It didn't work out that way.

To reach that goal of 1000, we had to do 17 or 18 Appleseeds, nearly double - or twice the work - we intended.

Yet that first year set the tone for the program. We set a goal, and we do whatever it takes to reach that goal. I was at nearly every Appleseed that first year, and found people would travel incredible distances to attend one. (At that first Texas shoot, a guy drove two days and nights from Oregon to get there.)

The rest is history - ongoing - but history, nonetheless. We have a track record for the first four years of the program of persisting, adapting, and overcoming to stick to our plan of doubling each year. Two years from now, in 2012, an RWVA instructor will shake the hand of the 100,000th Appleseeder! Four years later, if human effort has anything to do with it, an RWVA instructor will shake the hand of the 1,000,000th Appleseeder.

There's not much else to say about Fred. Sure, he is an NRA-certified instructor in several shooting disciplines, and he's gone thru the CMP Master Instructor course. Yes, he's served in an NRA state association as an officer. None of the details are important, because nothing much was happening - just "business as usual". When the ship is sinking, you need more than that.

Yes, it's true he admits to being a dumb person most of his life, try as he might to learn at every opportunity. Somehow, he didn't hit the right mentor, so mostly he's been the typical Doofus americanus - which may be why he's so motivated, as a recovering doofus, to make Appleseed achieve its goal.

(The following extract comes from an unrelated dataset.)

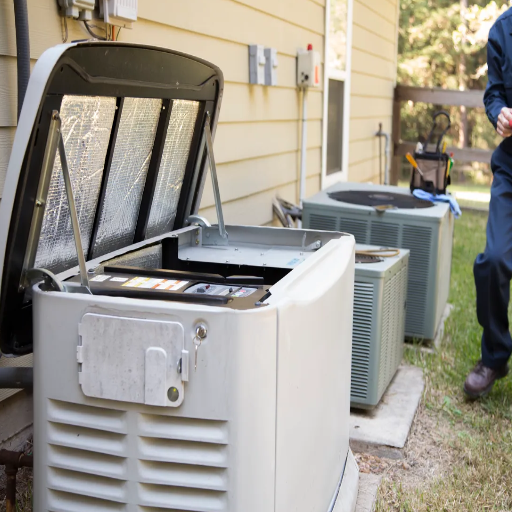 how much does it cost to install a backup generator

Sure, this bio is light on some personal details - but that's because they aren't important. Nor is Fred particularly important. It's the great Cause, the Mission, which is important. Compared to that, hardly anything else counts. When the ship sinks - if we don't prevent it - we will all be in the water, and it's gonna be mighty cold - and something NOT to look forward to. It's gonna take a LOT of effort, a lot of hours from MANY volunteers. I pretty much fill my time with Appleseed, with some time stolen to ship orders from Fred's M14 Rifle Stocks - but there's never enough time. And sometime in the future, maybe around 2016, when that 1,000,000th person comes thru Appleseed, Fred will begin to retire, and let youngbloods in the program have the joy of seeing 2,000,000 Appleseeders in 2017 (yes, the plan will still be to double each year - man, it really begins to count, only 3 years from now).

The more conventional bio:

*Capt, US Army, retired

*Life Member, NRA

*Civilian Marksmanship Program Master Instructor

*NRA-Certified Instructor in Rifle, Pistol, Shotgun, Black Power, Home Protection

*Camp Perry Highpower Rifle Competitor, 1989 - 1999

*North Carolina .22 Rimfire Pistol IHMSA Champ, 1986

*Secretary, North Carolina Rifle and Pistol Association, 1992-1995 (While Secretary, put out a "TEAMNCRPA" newsletter which won a 'best in nation' award from NRA.)

*President, Riverside Gun Club, 1990-2004 (While Pres, oversaw purchase and development of a 500-yard rifle and pistol range, and RGC was awarded NRA's Meritorious Achievement Club award and the highest NRA club award, "the President's Club", along with NRA's "Most Improved Range" award.)

*Current Secretary/Treasurer of the RWVA since 2004 (and oversaw development of the nationwide "Appleseed Project" with projections of 1000 Appleseeds coast-to-coast in 2010 - and a major contributer to RWVA's blog at rwva.org/blog.)

*Since 1999, a writer of a column in Shotgun News promoting gun rights, marksmanship, and knowledge of the heritage of rifle marksmanship.